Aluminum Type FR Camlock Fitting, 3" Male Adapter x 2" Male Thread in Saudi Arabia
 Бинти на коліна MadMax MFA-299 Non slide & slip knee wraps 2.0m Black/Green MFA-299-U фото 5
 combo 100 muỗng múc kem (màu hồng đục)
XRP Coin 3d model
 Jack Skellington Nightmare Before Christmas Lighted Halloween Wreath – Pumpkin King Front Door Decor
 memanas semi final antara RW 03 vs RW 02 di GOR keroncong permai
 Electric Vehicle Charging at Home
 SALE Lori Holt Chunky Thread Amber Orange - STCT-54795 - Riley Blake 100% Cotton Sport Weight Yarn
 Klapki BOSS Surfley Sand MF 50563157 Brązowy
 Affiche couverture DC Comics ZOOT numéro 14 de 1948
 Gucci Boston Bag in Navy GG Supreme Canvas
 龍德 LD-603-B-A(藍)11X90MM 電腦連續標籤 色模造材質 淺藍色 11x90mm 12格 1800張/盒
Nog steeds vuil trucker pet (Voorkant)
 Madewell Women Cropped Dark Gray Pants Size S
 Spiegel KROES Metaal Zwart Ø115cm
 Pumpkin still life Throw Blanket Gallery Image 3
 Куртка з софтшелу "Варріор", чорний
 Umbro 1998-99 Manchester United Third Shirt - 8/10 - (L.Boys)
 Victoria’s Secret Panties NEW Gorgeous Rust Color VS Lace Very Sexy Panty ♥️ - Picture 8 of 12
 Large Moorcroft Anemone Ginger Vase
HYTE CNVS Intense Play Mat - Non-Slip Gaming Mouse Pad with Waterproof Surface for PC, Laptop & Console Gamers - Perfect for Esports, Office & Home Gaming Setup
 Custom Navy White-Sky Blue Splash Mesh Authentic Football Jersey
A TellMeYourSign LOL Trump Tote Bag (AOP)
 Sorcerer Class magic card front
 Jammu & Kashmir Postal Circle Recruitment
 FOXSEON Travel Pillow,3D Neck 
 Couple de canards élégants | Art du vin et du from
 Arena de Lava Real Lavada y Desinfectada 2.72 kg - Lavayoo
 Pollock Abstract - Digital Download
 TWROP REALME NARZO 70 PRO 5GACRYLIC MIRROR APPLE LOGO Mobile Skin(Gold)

Task directions: Nothing in the data may be left out; copy every line exactly.

Expected answer:
Aluminum Type FR Camlock Fitting, 3" Male Adapter x 2" Male Thread in Saudi Arabia
 Бинти на коліна MadMax MFA-299 Non slide & slip knee wraps 2.0m Black/Green MFA-299-U фото 5
 combo 100 muỗng múc kem (màu hồng đục)
XRP Coin 3d model
 Jack Skellington Nightmare Before Christmas Lighted Halloween Wreath – Pumpkin King Front Door Decor
 memanas semi final antara RW 03 vs RW 02 di GOR keroncong permai
 Electric Vehicle Charging at Home
 SALE Lori Holt Chunky Thread Amber Orange - STCT-54795 - Riley Blake 100% Cotton Sport Weight Yarn
 Klapki BOSS Surfley Sand MF 50563157 Brązowy
 Affiche couverture DC Comics ZOOT numéro 14 de 1948
 Gucci Boston Bag in Navy GG Supreme Canvas
 龍德 LD-603-B-A(藍)11X90MM 電腦連續標籤 色模造材質 淺藍色 11x90mm 12格 1800張/盒
Nog steeds vuil trucker pet (Voorkant)
 Madewell Women Cropped Dark Gray Pants Size S
 Spiegel KROES Metaal Zwart Ø115cm
 Pumpkin still life Throw Blanket Gallery Image 3
 Куртка з софтшелу "Варріор", чорний
 Umbro 1998-99 Manchester United Third Shirt - 8/10 - (L.Boys)
 Victoria’s Secret Panties NEW Gorgeous Rust Color VS Lace Very Sexy Panty ♥️ - Picture 8 of 12
 Large Moorcroft Anemone Ginger Vase
HYTE CNVS Intense Play Mat - Non-Slip Gaming Mouse Pad with Waterproof Surface for PC, Laptop & Console Gamers - Perfect for Esports, Office & Home Gaming Setup
 Custom Navy White-Sky Blue Splash Mesh Authentic Football Jersey
A TellMeYourSign LOL Trump Tote Bag (AOP)
 Sorcerer Class magic card front
 Jammu & Kashmir Postal Circle Recruitment
 FOXSEON Travel Pillow,3D Neck 
 Couple de canards élégants | Art du vin et du from
 Arena de Lava Real Lavada y Desinfectada 2.72 kg - Lavayoo
 Pollock Abstract - Digital Download
 TWROP REALME NARZO 70 PRO 5GACRYLIC MIRROR APPLE LOGO Mobile Skin(Gold)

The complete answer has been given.